Bimbia Slave trade village: The door of no return
Bimbia Slave trade village. Cameroon slave trade served a very important supply zone for the export of African slaves to the New World after the Portuguese exploration on the Cameroon coast.
Cameroonian slaves were mostly sold to the Fernando Po collection center. The island of Fernando Po was one of the main collection points for slaves taken along the Bight of Benin. The Duala Kings were the predominant slave-trading middlemen in these transactions.
The majority of slaves traded from the Cameroon coast came from inland invasions as well as from the neighboring Bataga, Bassa, and Bulu.Four groups Tikari, Douala-Bimbia, Banyangi and Bakossi, Bamileke accounted for 62 percent of the people carried out of the River and from Bimbia in these years.
The door of no return
Bimbia was an independent state of Isubu people of Cameroon, in 1884 annexed by the Germans and incorporated in the colony of Kamerun.
It lies in Southwest Region, to the south of Mount Cameroon and to the west of the Wouri estuary.
It is situated at the East coast of the Limbe Sub Division.
Bimbia consists of three villages: Dikolo Bona Ngombe and Bona Bille.
In 1932 the population of Bimbia was about 2500 peoples.
Bimbia was the first place the Jamaican and English Baptist missionaries led by Rev. Alfred Saker set foot on the Cameroon shore in 1858, from Fernando Po. There he built the first school and first church. Later he went to Victoria where he built the Ebenezer Baptist church. The Bimbia man was the first person to go to Saker’s school and the first to become Christian.
Bimbia is just endowed with lavished tourism potentials with historical tourism being one of its greatest attractions. Slave trade may have come and gone but relics of this callous activity which saw the buying and selling of human beings like commodities can still be spotted in the old time classic village of Bimbia.

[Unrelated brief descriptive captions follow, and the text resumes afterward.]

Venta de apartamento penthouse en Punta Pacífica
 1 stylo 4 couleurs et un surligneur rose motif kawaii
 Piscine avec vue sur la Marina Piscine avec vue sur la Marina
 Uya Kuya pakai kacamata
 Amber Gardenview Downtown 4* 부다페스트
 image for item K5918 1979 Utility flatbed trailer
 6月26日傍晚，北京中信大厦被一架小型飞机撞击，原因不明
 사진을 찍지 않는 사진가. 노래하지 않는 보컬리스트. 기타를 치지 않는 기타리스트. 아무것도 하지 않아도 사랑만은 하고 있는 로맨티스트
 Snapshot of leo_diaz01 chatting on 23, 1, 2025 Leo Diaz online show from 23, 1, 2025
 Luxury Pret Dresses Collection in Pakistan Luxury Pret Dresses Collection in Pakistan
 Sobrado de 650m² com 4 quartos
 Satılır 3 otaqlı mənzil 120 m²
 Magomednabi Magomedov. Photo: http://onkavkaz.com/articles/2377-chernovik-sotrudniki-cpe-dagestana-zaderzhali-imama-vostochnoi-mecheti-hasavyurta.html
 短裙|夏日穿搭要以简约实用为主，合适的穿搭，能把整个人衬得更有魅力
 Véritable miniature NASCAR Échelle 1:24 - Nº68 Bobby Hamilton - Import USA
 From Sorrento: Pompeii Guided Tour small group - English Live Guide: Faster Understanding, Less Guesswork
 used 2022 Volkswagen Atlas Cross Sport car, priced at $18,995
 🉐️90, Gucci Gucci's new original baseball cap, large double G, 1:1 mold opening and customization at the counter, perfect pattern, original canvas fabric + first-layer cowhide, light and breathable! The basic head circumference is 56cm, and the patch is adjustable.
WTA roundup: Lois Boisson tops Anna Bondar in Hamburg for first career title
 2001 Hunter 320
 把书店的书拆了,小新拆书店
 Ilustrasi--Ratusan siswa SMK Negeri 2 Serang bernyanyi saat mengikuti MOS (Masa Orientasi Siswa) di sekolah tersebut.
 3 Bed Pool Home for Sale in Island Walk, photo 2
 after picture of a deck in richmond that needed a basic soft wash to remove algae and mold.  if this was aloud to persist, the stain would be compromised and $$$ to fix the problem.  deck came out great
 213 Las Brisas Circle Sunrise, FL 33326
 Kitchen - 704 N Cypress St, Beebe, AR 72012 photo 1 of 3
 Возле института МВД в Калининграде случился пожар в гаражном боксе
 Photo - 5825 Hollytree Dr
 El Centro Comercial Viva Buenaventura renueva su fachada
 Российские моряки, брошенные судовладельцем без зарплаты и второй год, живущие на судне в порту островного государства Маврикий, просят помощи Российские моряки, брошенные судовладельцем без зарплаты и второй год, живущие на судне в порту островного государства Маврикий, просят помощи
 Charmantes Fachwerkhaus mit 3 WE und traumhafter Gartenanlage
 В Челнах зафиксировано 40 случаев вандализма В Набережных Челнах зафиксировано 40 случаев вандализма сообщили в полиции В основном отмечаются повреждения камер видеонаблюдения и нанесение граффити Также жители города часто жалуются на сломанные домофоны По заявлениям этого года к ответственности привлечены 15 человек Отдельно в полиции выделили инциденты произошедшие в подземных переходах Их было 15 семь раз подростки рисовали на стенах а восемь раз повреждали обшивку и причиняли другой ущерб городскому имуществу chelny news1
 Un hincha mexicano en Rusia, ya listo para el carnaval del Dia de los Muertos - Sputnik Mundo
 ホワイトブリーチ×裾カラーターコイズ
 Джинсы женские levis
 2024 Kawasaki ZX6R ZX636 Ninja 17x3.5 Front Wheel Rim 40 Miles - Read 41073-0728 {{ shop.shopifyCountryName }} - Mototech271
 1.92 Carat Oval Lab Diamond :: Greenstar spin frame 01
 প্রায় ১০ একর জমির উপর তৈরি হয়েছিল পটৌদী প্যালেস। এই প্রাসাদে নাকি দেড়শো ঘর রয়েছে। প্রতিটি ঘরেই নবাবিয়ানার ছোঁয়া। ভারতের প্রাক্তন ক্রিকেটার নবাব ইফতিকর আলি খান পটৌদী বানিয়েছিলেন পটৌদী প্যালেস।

Though in ruins, this over a century old slave market still has vestiges that can be used to tell the story to future generations. The “door of no return” still stands tall as no slave returned after passing through it.
Another site worth a stop around the area is the first ever Baptist church built by Alfred Saker and the “Camp Bimbia” which served as the missionary’s home.
The slave trade site has existed for over centuries and till date has maintained its naturalists look.
With the creation of a Sub divisional council and a Municipality in Limbe III, the hidden potentials of Bimbia and Limbe III in general came to the limelight.
The Bimbia slave trade site has been an attraction to many visitors who visit the site in a bid to relive the experience. The residues of this site are still very obvious even after over a century of their construction.
Get the chance to fathom what life was for a captured Cameroonian (prospective slave) at the site and beyond once they crossed the “door of no return”.
Over the years a good number of tourists, approximately 5000, have set foot in the historical site.
The first were the Afro American Root Tracers, under the guise of Ark Jammers Inc.
Since 2010, through the ARK Jammers’ Ancestry Reconnection Program, close to 150 Americans whose DNA traced their origins to Cameroon, have travelled to Bimbia, giving the site increased national and international attention.
This opened the way for many other groups of persons to storm the slave trade site and discover the marvels of the 18century slave market.
School Children,Researchers, Parliamentarians from different Countries, Assorted Tourists on recommendation, Government Officials, Non Governmental Organisations, The Former US President, Robert P. Jackson and Wife etc Tourists who visit the Slave trade site will be marvelled by a handful of historical elements such as;
The traced path from Dikolo mainland to the Departure point, the remnants of slave chains, huts where the slaves were kept before taken off to the west, the exit beach and the enactment of a Slave Trade scene by the Limbe III Council theatre group.
In 2012, The United States Department of State Bureau of Education and Cultural Affairs approved $76,400 (FCFA 40 million) in funding for a cultural preservation project to preserve and partially restore the remains of the Bimbia slave trade port.
The cultural preservation project entitled “Documentation and restoration of the 18th Century Slave Port in Bimbia,” was proposed to the US Embassy by a Limbe based Civil Society organisation, Cameroon Association of Media Professionals, CAMP.
The “Documentation and Restoration of the 18th Century Slave Trade Port of Bimbia” was one of the nine projects in Sub Saharan Africa selected for funding through the Ambassadors Fund for Cultural Preservation. However due to conflict of interest the project was never started.
This has made the socio –economic impact of this site on the locality to be hardly felt.